Les adeptes sont constamment sollicités par SMS, et doivent être disponibles jour et nuit. Ils étudient 24 heures sur 24 les textes du groupe et doivent passer de nombreux examens pour atteindre les plus hauts niveaux de l’organisation. Très prosélytes, ils placardent, souvent au milieu de la nuit, des affiches sur les campus universitaires.

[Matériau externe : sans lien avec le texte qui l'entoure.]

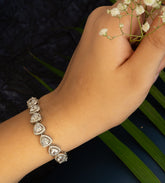White Finish CZ Bracelet In 925 Sterling  Silver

Secte apocalyptique, SCJ enseigne que le mensonge est permis pour accomplir « le dessein de Dieu ». Le groupe utilise pour recruter deux associations promouvant la paix : Heavenly Culture, World Peace, Restoration of Light (HWPL) et International Youth Group. Bien que des représentants de Shincheonji le nient, The Australian affirme que HWPL est essentiellement dirigé par le gourou Man Hee Lee. Usant de ces « vitrines », SCJ a pu louer plusieurs salles dans des locaux publics de la ville de Melbourne, dont deux universités, pour donner des conférences.
Annie n’est pas la seule victime de SCJ. La vie de Steve*, un quinquagénaire de Melbourne, a basculé lorsque sa femme, recrutée via une étude biblique en ligne, a rejoint l’Eglise. Bien que vivant encore avec elle, il ne la voit plus. Devenue fanatique, elle est absente seize heures par jour, sept jours sur sept et elle consacre tout son temps au groupe, si bien qu’elle ne parle plus ni à son mari, qualifié de diable, ni à ses enfants.
L’universitaire, Peter Daley, spécialiste des sectes coréennes, affirme que Shincheonji est l’une des sectes coréennes les plus actives. Selon lui les témoignages dénonçant les pratiques du groupe se multiplient depuis 2015. Les témoins confirment les ruptures familiales, l’abandon des études ou du travail.
Raphaël Aron ajoute que la Corée est un terreau très fertile pour les sectes très tournée vers le christianisme. Vivant sous la menace constante de la Corée du Nord, nombre de coréens cherchent l’espoir dans la religion.
(Source : The Australian, 24.02.2018)
* Prénoms d’emprunt pour éviter des représailles de la filiale australienne de Shincheonji.